Reputation: 21
I have created a dataframe that looks like the following:
I have no problems plotting the data with the following:
df_catch.plot(x='YY', y='ALB_C', kind='scatter',
figsize=(12,6), title='ALB catch/hooks')
plt.xlabel('Year')
plt.ylabel('ALB catch/hooks')
plt.show()
There are many rows of data from many months and years. I want to concatenate the data down just years (i.e. sum the month data per year). I do this with the following:
name = df_catch.groupby('YY')
# Apply the sum function to the groupby object
df_year = name.sum()
df_year.head(5)
And this yields mostly the expected results except the YY data are now the index and any thing I try to do to get a similar scatter plot throws errors.
Question 1. Is there an elegant way to do the sums on they year data without getting the YY data as an new index. Also note that the way I am doing this I get sums of all data columns like Latitude and Longitude which I would like to avoid.

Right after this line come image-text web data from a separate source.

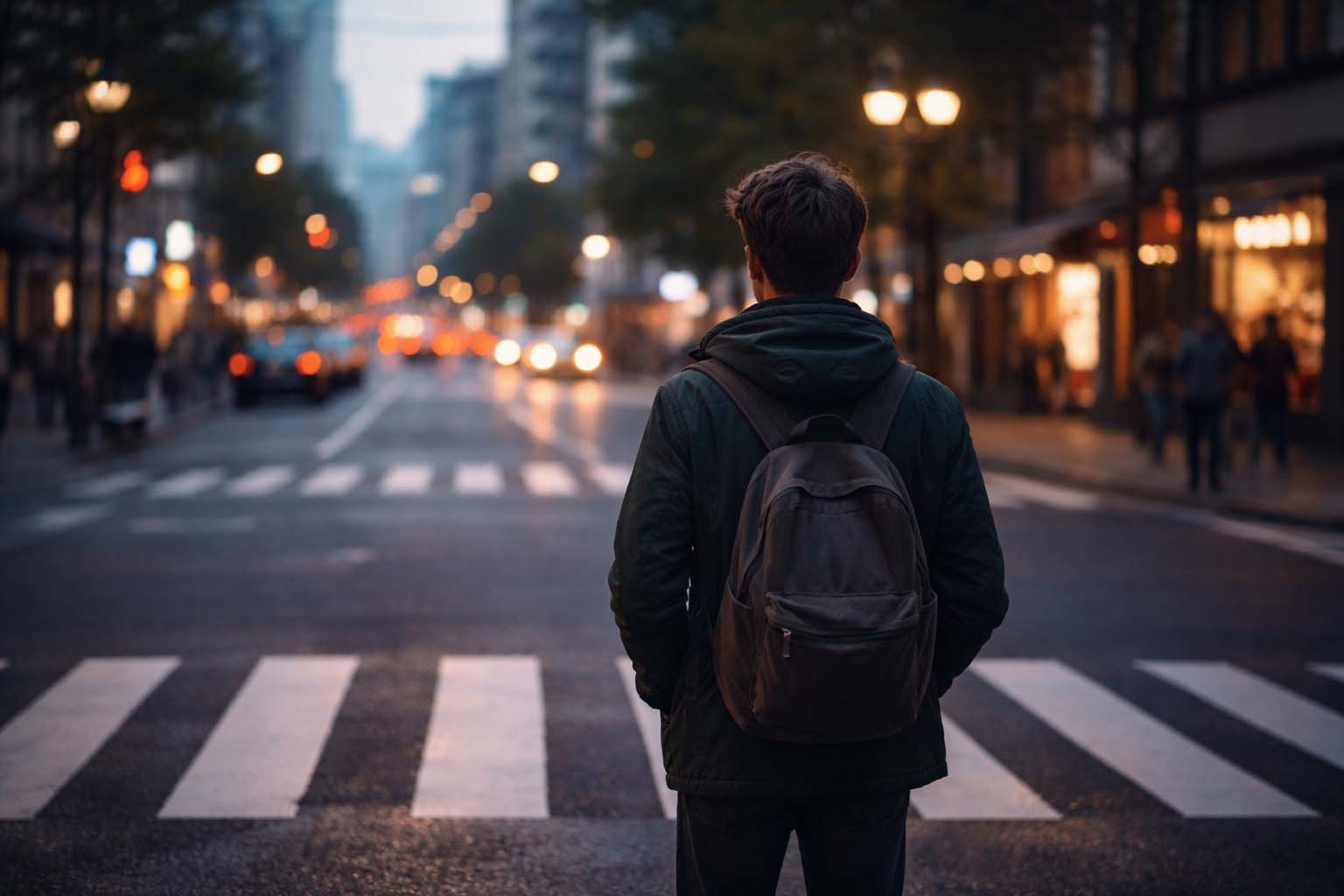 Osoba stoji sama na pešačkom prelazu u ranim večernjim satima i gleda u daljinu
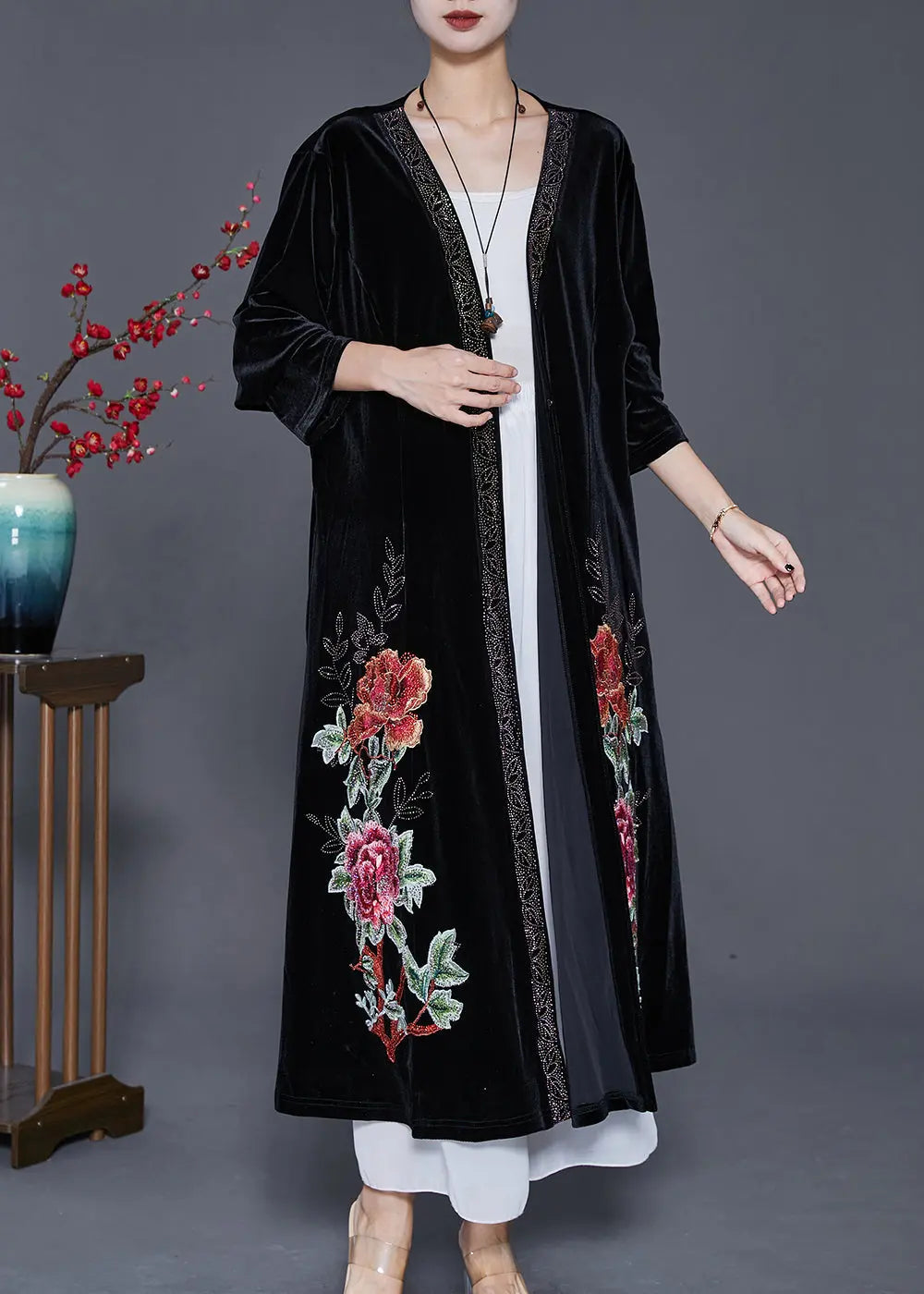 Style Black Embroideried Oversized Silk Velour Long Cardigan Fall Ada Fashion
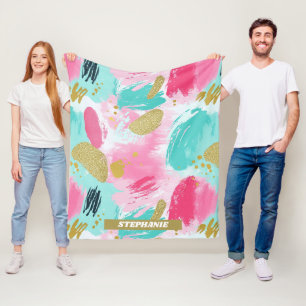 Colourful Abstract Brushstrokes - Mint & Pink (1) Fleece Blanket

Question 2. If you do have one of your data variables as the index, how do you do a scatter plot similar to the first code snippet above. I was able to get a line plot using the code below but it is really not what I want.
plt.plot(df_year.index, df_year['ALB_C'])
Thanks very much in advance for your help. I am really new to python/pandas but like what the functionality, I did go through the question search to find the answer and I have looked at tutorials on line. Again thanks.
Upvotes: 2
Views: 158
Reputation: 153460
Question 1: Let's try
name = df_catch.groupby('YY', as_index=False)
or
name.sum().reset_index()
Question 2: Let's do this
plt.plot(df_year.index, df_year['ALB_C'], marker="o", linestyle='none')
Upvotes: 1
Reputation: 862471
For convert index
to column are 2 solutions:
Need reset_index
:
name = df_catch.groupby('YY')
# Apply the sum function to the groupby object
df_year = name.sum().reset_index()
df_year.head(5)
Or add parameter as_index=False
to groupby
:
name = df_catch.groupby('YY', as_index=False)
# Apply the sum function to the groupby object
df_year = name.sum()
df_year.head(5)
Upvotes: 1